“The whole persona is this relaxed, calm environment and then the client goes out the door and you turn into a mad hatter.” Audrey from Champneys
Champneys, one of the country’s oldest health spas, is put under the microscope in this new ITV documentary as it undergoes a challenging period of change.
The famous luxury health spa evokes images of clientele in white cotton robes being massaged and pampered. But below this serene, calm exterior, the cameras capture owner Stephen Purdew and his staff’s efforts to bring Champneys up to scratch as a five star destination in line with competition from other high-end health farms.
This one hour programme visits the family run establishment, set in 200 acres of countryside in Tring, as it undergoes a four month refurbishment and Stephen hires new members of staff tasked with improving standards in key areas.
Stephen says: “Now the guest is expecting every aspect, not just the spa services and the fitness and treatments and all the other things and classes, they want a great hotel experience.”
With shortcomings in both reception and housekeeping, Stephen has had to draft in new staff members to help resolve the ongoing problems: Thomas is employed as the new general manager, Benita as head of reception and Irina as a manager in housekeeping.
The new recruits join existing members of staff, such as head waiter Charles, who treats the ladies to a dance and a flirt as he serves up their lunch, and outgoing Audrey who sells the lotions and potions in the shop.
Whilst the facials, massages and manicures carry on and guests are polished and exfoliated, new carpets are laid, walls are painted and staff are retrained to adopt a more five star way of working.
But, in contrast to the guests relaxing in the treatment rooms, the new managers’ attempts to make improvements prove to be a difficult and at times, stressful, process.
Audrey says: “I think we are unique we are not stars, we are unique, we are something special, there is something about us. People love us and hate us and that’s what’s unique about us.”
The spa was once frequented by Princess Diana and has belonged to Stephen’s family for many years. He is very proud of the Tring estate’s history and tells the programme how it was once owned by the famous banking dynasty the Rothschilds who employed 54 members of staff for 15 years for a woman who never actually moved in.
Stephen says: “It does annoy me when hotels pretend to me, put a few poxy little photographs of a pool angle and a treatment room and put a programme of exercise programmes on or a selection of. And pretend they’re us.”
Stephen likes to go above and beyond expectations for his guests, telling the programme how he gifted one VIP guest a painting mounted on the wall after she said she liked it and asked to buy it.

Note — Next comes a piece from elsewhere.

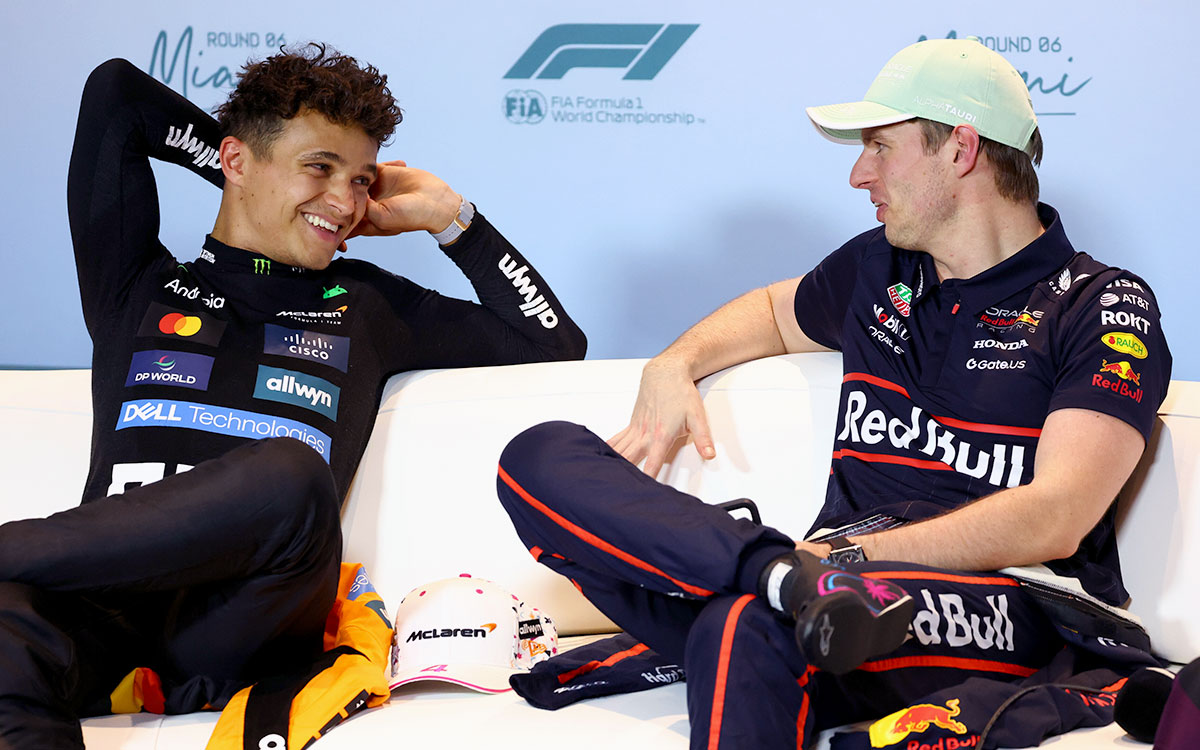 予選後の記者会見に臨むポールポジションのマックス・フェルスタッペン(レッドブル)と2番手のランド・ノリス(マクラーレン)、2025年5月3日(土) F1マイアミGP(マイアミ・インターナショナル・オートドローム) (1)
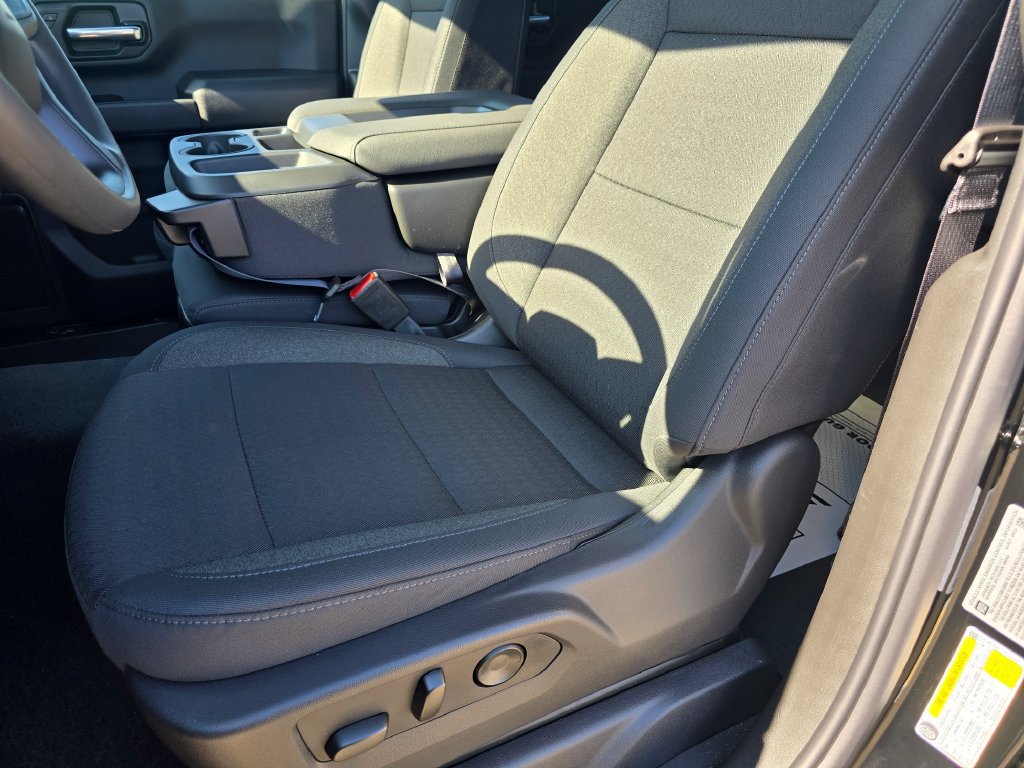 New 2026 Chevrolet Silverado 2500 Custom w/ Custom Convenience Package AWD/4WD image 15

“Well she is here for six months with eight suites and I think her bill is about a quarter of million pounds, I thought it would be a nice gesture of mine,” he says.
But the key to the Champneys experience, in Stephen’s eyes, is to give every guest the five star experience whether it’s a high ranking member of the Arabic royal family staying for six months or an old couple visiting for a night for a bit of pampering.
“I’ve had my eyebrows plucked for the first time in 82 years”, says one male guest.
However, the changes are beginning to lead to friction behind the scenes among staff, as Kerrie, the housekeeping manager is not seeing eye-to-eye with new manager Irina. When Irina goes over Kerrie’s head to complain about other members of staff their rift deepens.
Irina says: “I respect the person but I can’t look up to my manager because we cannot get to the same… we don’t have the same opinion I think.”
The pressure increases further on housekeeping when a mystery shopper gives the spa bad feedback after they are checked into a room full of dirty plates left from a previous guest. The pressure is on for Kerrie and Irina to join forces to improve the housekeeping issues.
Benita, the new front of house manager with a five star background, is also struggling to improve standards in reception.
She said: “There is just not enough hours in the day to be able to do what we want to do and at the moment it is just fighting fires we are not getting anywhere. And it does feel that every time we are moving forward we are moving 10 steps back.”
Four months later and the refurbishments are almost complete, Stephen inspects the new rooms making small changes here and there.
He says: “Can we get rid of that poxy little sign thing, that stand with products in, it’s not classy enough for here we don’t need it.”
There have also been some unexpected changes since the cameras visited last. A few of the new staff members have decided to leave after finding they couldn’t make the changes they were brought in to make.
One of Champneys longest serving members of staff, Audrey has worked at the health spa for almost 40 years. She tells the programme that in her opinion no one can change Champneys.
She says: “ People when they come they have got to respect that and they have got to see that and then swim with it and then put change in with it. But you can’t totally change the place. No, no, Champneys is Champneys. Sorry. I have been here too long!”
Directed and narrated by Richard Macer, Platform Productions.